Jean-Michel Jarre, pionnier de la musique électronique et figure emblématique de la scène musicale française, s'est exprimé avec force sur le sujet. Pour lui, l'enjeu dépasse largement l'innovation technologique et touche au respect fondamental des humains qui se trouvent derrière la création artistique. Ce qui différencie le chaos de la démocratie, ce sont évidemment les règles, a-t-il déclaré.

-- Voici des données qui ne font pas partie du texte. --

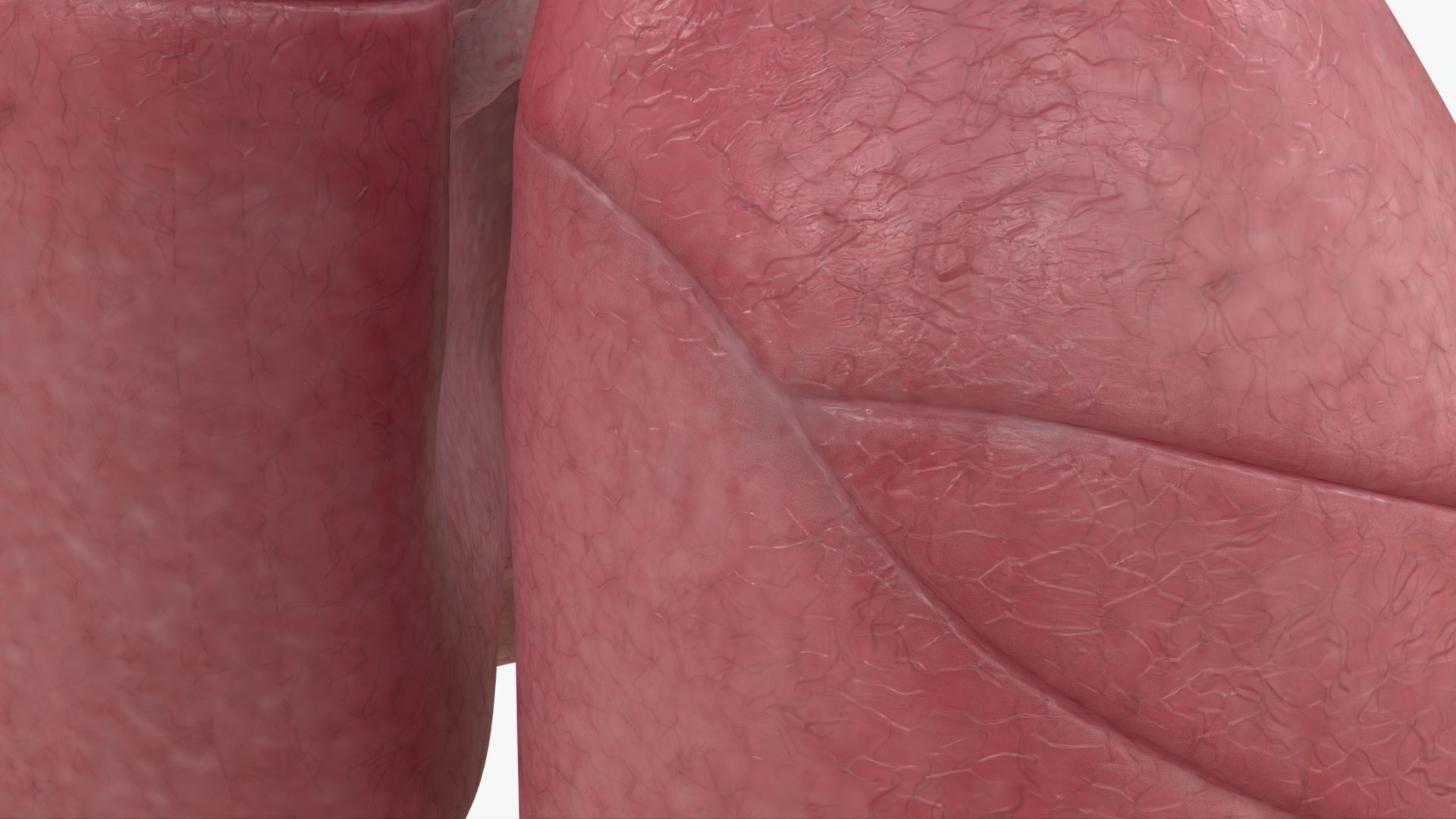 Respiratory System  Low-poly 3D model_10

En France, la SACEM, qui protège les droits de 240 000 artistes, a pris des mesures concrètes. En 2023, l'organisme a incité ses membres à exercer un droit de retrait pour que leurs oeuvres ne servent pas à entraîner les moteurs d'intelligence artificielle. La SACEM réclame également une rémunération pour les artistes qui accepteraient que leur propriété intellectuelle soit exploitée par ces systèmes.
Le message de Jarre aux géants de la technologie est sans ambiguïté : les gens du monde de la création ont droit à une part et doivent être considérés une fois pour toutes comme de vrais partenaires autour d'une table de négociation. Alors que l'IA va indéniablement continuer à prospérer dans le domaine musical, la question de savoir qui en tire les bénéfices économiques devient un enjeu central pour l'avenir de la création artistique.